After Sessions issued his memo, Kelly, who by then had become the White House chief of staff, again described family separation as a "tough deterrent" in an interview with NPR. "The laws are the laws," he said, and "a big name of the game is deterrence."
The president himself has described family separation in similar terms. "If they feel there will be separation," the president told reporters last October, "they don't come."
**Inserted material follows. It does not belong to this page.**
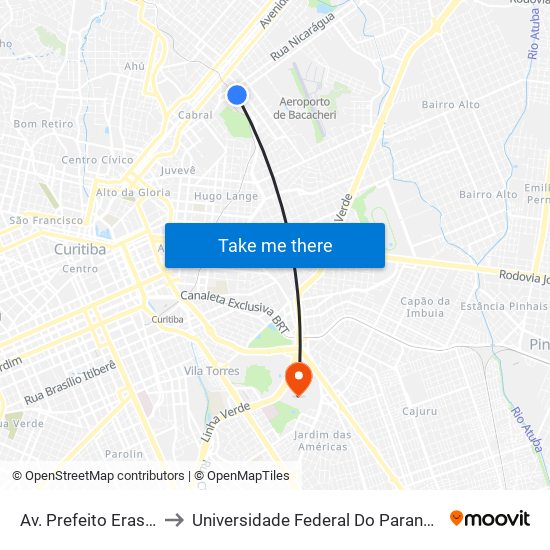 Av. Prefeito Erasto Gaertner, 202 to Universidade Federal Do Paraná Campus Centro Politécnico map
Two months later, Kelly blamed Sessions for this policy. "What happened was Jeff Sessions, he was the one that instituted the zero-tolerance process on the border that resulted in both people being detained and the family separation," Kelly told the Los Angeles Times. "He surprised us." Kelly, who left the administration in January, reiterated that claim yesterday during a forum at Duke University, saying the "zero tolerance" memo "came as a surprise" to him and other officials.
Nielsen can deny that family separation was official administration policy, just as she insisted yesterday that the fenced enclosures used to confine children and other unauthorized migrants are "not cages." And Kelly can pretend that a policy he publicly endorsed less than two months after taking over the Department of Homeland Security was actually Jeff Sessions' idea. But Donald Trump for once is telling the truth: Family separation was intended as a deterrent. Nielsen and Kelly have accomplished an impressive feat by managing to be less honest than the promiscuous prevaricator who currently occupies the White House.